DESCRIPTION OF THE TASK:
Please output every entry below exactly as written, leaving out any pictures.

RECORDS FOR THIS TASK:

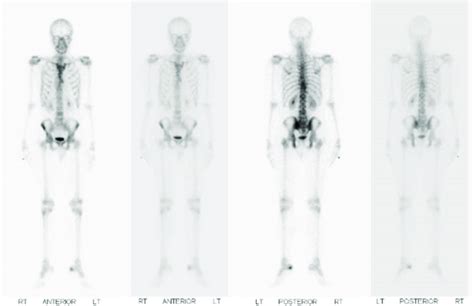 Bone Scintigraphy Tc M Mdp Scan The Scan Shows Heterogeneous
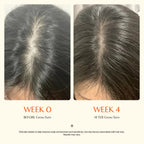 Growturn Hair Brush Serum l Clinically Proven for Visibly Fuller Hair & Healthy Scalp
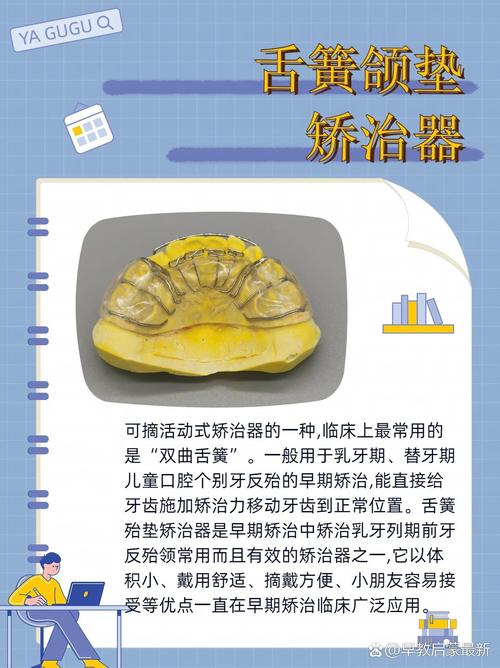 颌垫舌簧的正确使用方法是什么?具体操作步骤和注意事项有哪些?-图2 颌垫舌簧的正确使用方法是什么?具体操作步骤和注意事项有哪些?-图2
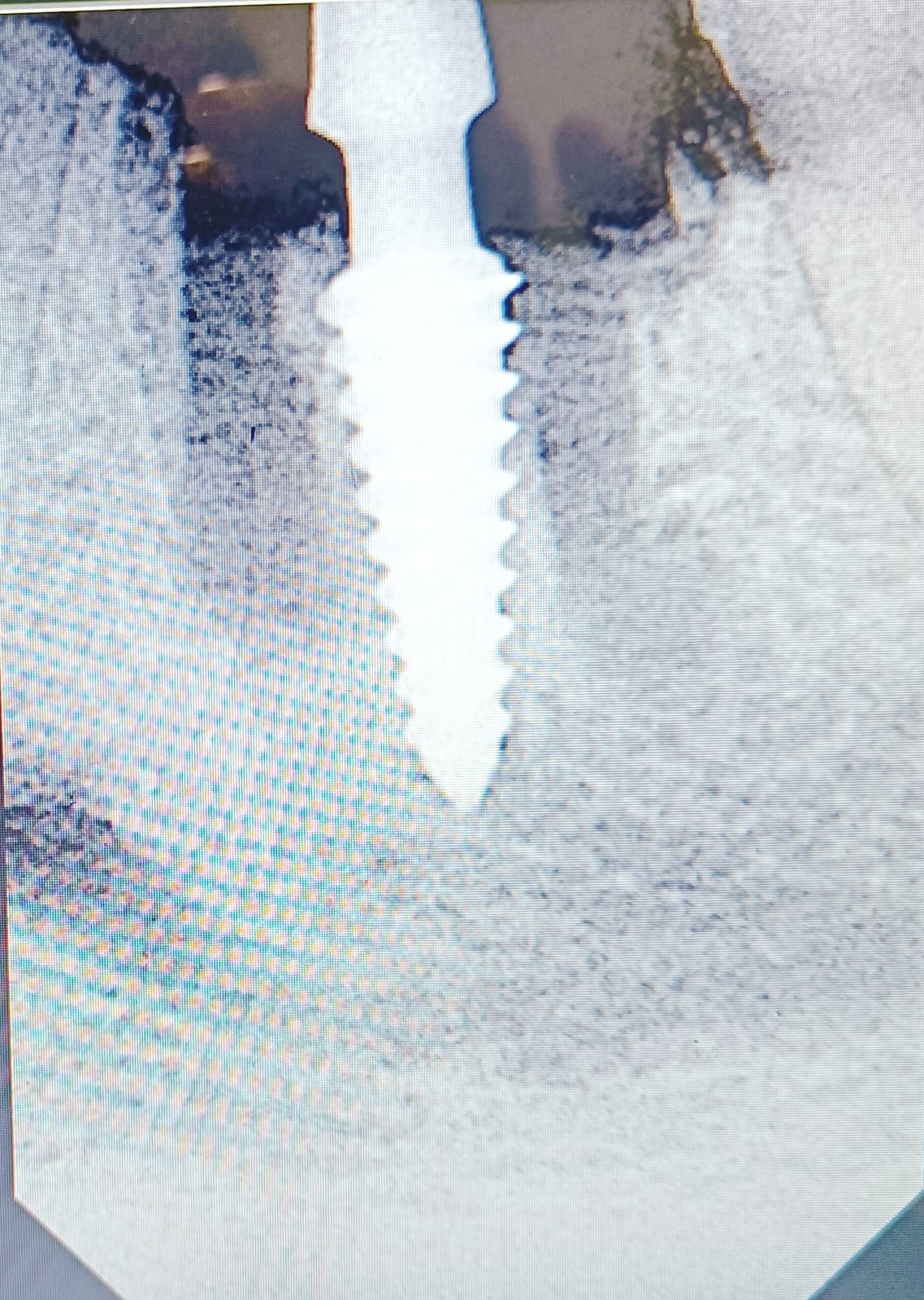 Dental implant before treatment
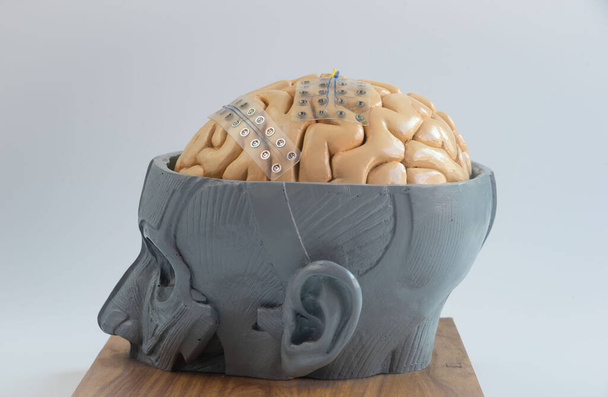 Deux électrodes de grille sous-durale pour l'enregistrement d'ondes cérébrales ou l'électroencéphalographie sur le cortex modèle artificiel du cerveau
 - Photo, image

COMPLETED TASK:
 Bone Scintigraphy Tc M Mdp Scan The Scan Shows Heterogeneous
 Growturn Hair Brush Serum l Clinically Proven for Visibly Fuller Hair & Healthy Scalp
 颌垫舌簧的正确使用方法是什么?具体操作步骤和注意事项有哪些?-图2 颌垫舌簧的正确使用方法是什么?具体操作步骤和注意事项有哪些?-图2
 Dental implant before treatment
 Deux électrodes de grille sous-durale pour l'enregistrement d'ondes cérébrales ou l'électroencéphalographie sur le cortex modèle artificiel du cerveau
 - Photo, image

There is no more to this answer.